Meteorite from the Asteroid Vesta
Thin slice showing bubbles from melting during atmospheric entry.
This is a thin slice of a meteorite, shown using polarized light and a full wave retarder (530nm), that is believed to have originated on the asteroid (minor planet) Vesta. For an explanation of how the origin was determined, see the American Museum of Natural History here: https://www.amnh.org/exhibitions/permanent/meteorites/building-planets/vesta
The Dawn spacecraft, now orbiting the dwarf planet Ceres, orbited Vesta from July 16, 2011 to August 26, 2012. Spectrographic information obtained by Dawn confirmed this class of meteorite most likely originated on Vesta.
Vesta is the second most massive object in the asteroid belt after Ceres.
If you look at the side of the meteorite slice, you will see bubbling at the surface (edge of the slice). This is the fusion crust and the fusion bubbling was created by the intense heat of entry into Earth’s atmosphere actually melting the meteorite.
Each of the colors represents a different mineral. The colors will actually change as the polarized light orientation is rotated. We can use these interference colors, and other techniques to identify minerals just using a polarizing microscope.

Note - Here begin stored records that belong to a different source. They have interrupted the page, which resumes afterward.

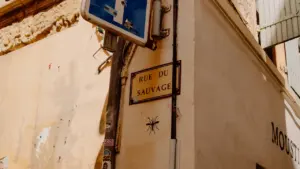 Plaque de rue et illustration de moustique rappelant les gestes de prévention santé.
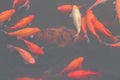 Red carp fish. Royalty Free Stock Photo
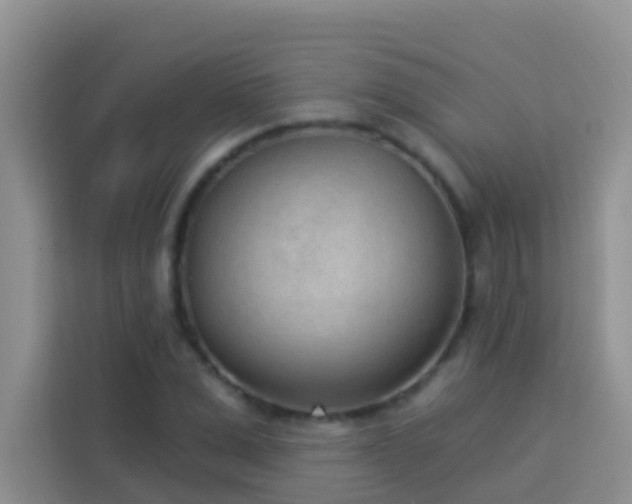 X0000114070975200910051335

The background is magenta due to the use of a full-wave retarder with the polarizers.
This meteorite, named Pasamonte, fell at 5 a.m. in the morning, March 24, 1933 and and was seen by numerous individuals in Kansas, Oklahoma, Texas, Colorado, and New Mexico, and even photographed before coming to rest near Pasamonte, New Mexico at: 36° 13’N, 103° 24’W, approximately 148 miles East-Northeast of Santa Fe, New Mexico. It is a eucrite-like, basaltic achondrite, and is from one of 259 meteorites classified as an achondrite from the eucrite group; this meteorite is a polymict breccia.
This particular meteorite is extremely well characterized. A pdf of the results is available from the Johnson Space Center, Astromaterials Aquisition & Curation Office here: https://curator.jsc.nasa.gov/antmet/hed/pdf/pasamonte-final2.pdf

Vesta, showing large impact crater that is probably where the meteorite came from.